Exhibit 99.1

FORM 7

MONTHLY PROGRESS REPORT
 
Name of Listed Issuer: IM Cannabis Corp. (the "Issuer" or "IMC")
 
Trading Symbol: IMCC
 
Number of Outstanding Listed Securities as of 30/11/2022:
 
 7,569,526 Common Shares
 
Date: December 7, 2022
 
Report on Business
 
1.
Provide a general overview and discussion of the development of the Issuer's business and operations over the previous month. Where the Issuer was inactive disclose this fact.
 

On November 7, 2022, the Issuer announced that it is commencing the process of exiting the Canadian cannabis market to focus its resources on reinforcing and further pursuing growth opportunities in Israel, Germany and Europe. In connection with the announced restructuring, the Issuer's wholly-owned Canadian subsidiary, Trichome Financial Corp. ("Trichome Financial"), and certain of its wholly-owned subsidiaries, including Trichome JWC Acquisition Corp. ("TJAC"), MYM Nutraceuticals Inc. ("MYM"), Trichome Retail Corp., MYM International Brands Inc., and Highland Grow Inc. (collectively with Trichome Financial, "Trichome Group"), filed and obtained creditor protection under the Canadian Companies' Creditors Arrangement Act ("CCAA") pursuant to an initial order (the "Initial Order") of the Ontario Superior Court of Justice (Commercial List) (the "Court").
 
Pursuant to the Initial Order, KSV Restructuring Inc. was appointed as monitor (the "Monitor") and a stay of proceedings was imposed until November 17, 2022 (the "Stay"). On November 17, 2022, the Court granted an amended and restated Initial Order, as may be further amended and restated from time to time, which, among other things, extended the Stay until February 3, 2022 (the "Amended and Restated Order").
 
The CCAA proceedings will afford the Trichome Group the stability and flexibility required to restructure its business, including through a sale and investment solicitation process (the "SISP") to be approved by the Court. Accordingly, the Issuer's operations in Canada are expected to continue through the Trichome Group until a sale transaction or one or more other restructuring transactions is completed.
 

The CCAA proceedings are solely in respect of the Trichome Group. As such, the Issuer's other assets or subsidiaries, including those in Israel and Germany, are not parties to the CCAA proceedings.
 

In connection with the CCAA proceedings, TJAC, as borrower ("Borrower"), and the remaining companies in the Trichome Group, as guarantors (together with the Borrower, the "Credit Parties"), and Cortland Credit Lending Corporation (the "DIP Lender") entered into a debtor-in-possession ("DIP") facility agreement on November 6, 2022 ("DIP Agreement"). Pursuant to the DIP Agreement, the DIP Lender has agreed to provide a super-priority interim revolving credit facility (subject to certain mandatory repayment provisions) to the Borrower (the "DIP Facility").
 
The DIP Facility will be used for working capital requirements and other general corporate purposes and capital expenditures during the CCAA proceedings.
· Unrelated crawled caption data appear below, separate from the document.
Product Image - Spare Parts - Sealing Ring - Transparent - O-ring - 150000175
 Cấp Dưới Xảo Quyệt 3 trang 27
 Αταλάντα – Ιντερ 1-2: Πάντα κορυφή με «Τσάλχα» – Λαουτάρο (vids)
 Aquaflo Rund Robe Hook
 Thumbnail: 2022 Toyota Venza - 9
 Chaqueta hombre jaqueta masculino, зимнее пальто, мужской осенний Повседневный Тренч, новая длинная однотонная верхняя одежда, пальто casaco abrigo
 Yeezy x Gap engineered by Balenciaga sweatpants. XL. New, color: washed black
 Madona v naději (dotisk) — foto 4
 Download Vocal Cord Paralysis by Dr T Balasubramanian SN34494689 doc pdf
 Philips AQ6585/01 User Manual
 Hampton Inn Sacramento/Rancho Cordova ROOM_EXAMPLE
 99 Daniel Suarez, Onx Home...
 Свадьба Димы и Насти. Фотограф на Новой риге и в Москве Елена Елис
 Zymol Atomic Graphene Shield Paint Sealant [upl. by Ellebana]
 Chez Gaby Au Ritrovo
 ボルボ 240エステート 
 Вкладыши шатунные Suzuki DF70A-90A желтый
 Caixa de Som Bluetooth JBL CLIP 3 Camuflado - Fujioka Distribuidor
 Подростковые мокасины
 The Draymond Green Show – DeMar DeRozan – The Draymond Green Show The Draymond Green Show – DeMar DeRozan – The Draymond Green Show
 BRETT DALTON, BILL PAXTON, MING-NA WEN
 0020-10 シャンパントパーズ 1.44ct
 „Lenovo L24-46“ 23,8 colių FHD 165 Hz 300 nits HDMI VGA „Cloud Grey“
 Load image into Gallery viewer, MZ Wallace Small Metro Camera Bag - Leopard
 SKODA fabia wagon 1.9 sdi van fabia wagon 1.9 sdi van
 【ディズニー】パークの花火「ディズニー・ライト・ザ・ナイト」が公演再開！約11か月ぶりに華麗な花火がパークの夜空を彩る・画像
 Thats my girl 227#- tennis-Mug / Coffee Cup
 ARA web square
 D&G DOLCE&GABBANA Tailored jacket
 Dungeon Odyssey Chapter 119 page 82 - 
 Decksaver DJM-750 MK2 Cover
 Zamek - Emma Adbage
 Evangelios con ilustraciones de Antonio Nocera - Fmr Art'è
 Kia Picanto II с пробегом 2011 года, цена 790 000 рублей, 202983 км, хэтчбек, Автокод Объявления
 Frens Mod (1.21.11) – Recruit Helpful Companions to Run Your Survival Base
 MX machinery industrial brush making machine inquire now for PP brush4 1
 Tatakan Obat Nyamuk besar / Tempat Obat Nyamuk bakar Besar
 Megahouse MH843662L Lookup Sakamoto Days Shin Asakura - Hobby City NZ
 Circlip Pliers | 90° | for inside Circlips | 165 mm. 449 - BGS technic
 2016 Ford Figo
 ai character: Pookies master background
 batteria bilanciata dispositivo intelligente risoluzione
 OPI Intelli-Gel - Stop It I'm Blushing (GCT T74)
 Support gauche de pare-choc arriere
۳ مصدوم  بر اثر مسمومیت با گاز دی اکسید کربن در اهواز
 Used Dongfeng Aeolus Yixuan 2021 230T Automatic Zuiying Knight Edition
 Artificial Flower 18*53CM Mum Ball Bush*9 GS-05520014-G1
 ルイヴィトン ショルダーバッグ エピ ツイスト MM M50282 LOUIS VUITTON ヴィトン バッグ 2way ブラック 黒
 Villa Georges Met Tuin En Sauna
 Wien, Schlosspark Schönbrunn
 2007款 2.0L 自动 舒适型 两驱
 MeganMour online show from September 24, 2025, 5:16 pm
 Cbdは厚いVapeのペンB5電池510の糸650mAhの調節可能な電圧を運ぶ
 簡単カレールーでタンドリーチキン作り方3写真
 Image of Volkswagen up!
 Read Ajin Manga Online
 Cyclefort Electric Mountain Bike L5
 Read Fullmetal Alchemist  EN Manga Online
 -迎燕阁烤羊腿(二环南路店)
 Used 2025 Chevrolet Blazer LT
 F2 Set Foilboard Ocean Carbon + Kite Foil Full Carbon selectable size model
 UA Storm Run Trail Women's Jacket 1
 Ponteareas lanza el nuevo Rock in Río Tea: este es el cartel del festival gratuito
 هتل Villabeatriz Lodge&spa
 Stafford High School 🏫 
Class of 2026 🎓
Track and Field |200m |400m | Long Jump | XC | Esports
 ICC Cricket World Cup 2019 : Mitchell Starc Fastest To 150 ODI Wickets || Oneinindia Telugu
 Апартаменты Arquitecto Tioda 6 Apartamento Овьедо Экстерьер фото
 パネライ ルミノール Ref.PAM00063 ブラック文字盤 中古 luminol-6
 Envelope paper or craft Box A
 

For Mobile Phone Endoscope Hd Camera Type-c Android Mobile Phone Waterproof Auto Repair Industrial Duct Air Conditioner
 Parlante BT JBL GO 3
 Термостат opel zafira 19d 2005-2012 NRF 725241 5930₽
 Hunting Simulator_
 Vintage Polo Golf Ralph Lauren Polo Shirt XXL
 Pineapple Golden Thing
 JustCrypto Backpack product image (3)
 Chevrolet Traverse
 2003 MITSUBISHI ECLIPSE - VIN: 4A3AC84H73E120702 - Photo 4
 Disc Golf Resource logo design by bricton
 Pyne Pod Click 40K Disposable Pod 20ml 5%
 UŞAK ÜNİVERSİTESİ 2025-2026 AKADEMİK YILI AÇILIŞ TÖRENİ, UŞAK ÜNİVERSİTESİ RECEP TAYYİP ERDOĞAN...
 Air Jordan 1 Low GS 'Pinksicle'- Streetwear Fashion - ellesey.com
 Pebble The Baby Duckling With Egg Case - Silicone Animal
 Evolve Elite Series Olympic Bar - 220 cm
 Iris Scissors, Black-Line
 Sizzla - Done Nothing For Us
The DIP Facility is secured by a Court-ordered super-priority charge and is subordinate only to an administration charge and a directors' and officers' charge, granted under the Initial Order and the Amended and Restated Order
 

On November 14, 2022, the Issuer filed its interim financial statements and MD&A for the three and nine months ended September 30, 2022 (the "Interim Financials").
 

On November 14, 2022, the Issuer also announced that it would be consolidating all of its issued and outstanding common shares (the "Common Shares") on the basis of one (1) post-consolidation Common Share for each ten (10) pre-consolidation Common Shares (the "Consolidation").
 
The Issuer's post-Consolidation Common Shares will continue to trade on the Canadian Securities Exchange (the "CSE") and Nasdaq Capital Market ("NASDAQ") under the same "IMCC" trading symbol. The Common Shares commenced trading on a post-Consolidation basis on November 17, 2022. The Consolidation has reduced the number of issued and outstanding Common Shares from 75,695,325 Common Shares to 7,569,526 Common Shares.
 
2.
Provide a general overview and discussion of the activities of management.
 
Management of the Issuer ("Management") is focused on continuing the Issuer's growth in the cannabis markets in which it currently operates. Management is focused on managing its international assets and supply chain in order to maximize company-wide revenue and margins and continues to focus on its entry into the medical cannabis distribution and retail segments in Israel. Management also continues to identify and pursue new strategic investments and growth opportunities in Israel and Europe, including, but not limited to, securing additional supply, distribution and sale agreements in Germany through Adjupharm GmbH and in Israel through its subsidiaries and Focus Medical Herbs Ltd. ("Focus Medical").
 

 
By exiting the Canadian cannabis market, Management is seeking to focus its resources and maximize efficiency for future success. Management is reinforcing its Israeli and German operations and preparing to leverage its expertise into building market leadership in the European medical cannabis market and to be fully ready to capitalize on the recreational market upon legalization.
 
3.
Describe and provide details of any new products or services developed or offered. For resource companies, provide details of new drilling, exploration or production programs and acquisitions of any new properties and attach any mineral or oil and gas or other reports required under Ontario securities law.
 
Not Applicable.
 
4.
Describe and provide details of any products or services that were discontinued. For resource companies, provide details of any drilling, exploration or production programs that have been amended or abandoned.
 
Not Applicable.
 
5.
Describe any new business relationships entered into between the Issuer, the Issuer's affiliates or third parties including contracts to supply products or services, joint venture agreements and licensing agreements etc. State whether the relationship is with a Related Person of the Issuer and provide details of the relationship.
 
Not Applicable.
 
6.
Describe the expiry or termination of any contracts or agreements between the Issuer, the Issuer's affiliates or third parties or cancellation of any financing arrangements that have been previously announced.
 
Not Applicable.
 
7.
Describe any acquisitions by the Issuer or dispositions of the Issuer's assets that occurred during the preceding month. Provide details of the nature of the assets acquired or disposed of and provide details of the consideration paid or payable together with a schedule of payments if applicable, and of any valuation. State how the consideration was determined and whether the acquisition was from or the disposition was to a Related Person of the Issuer and provide details of the relationship.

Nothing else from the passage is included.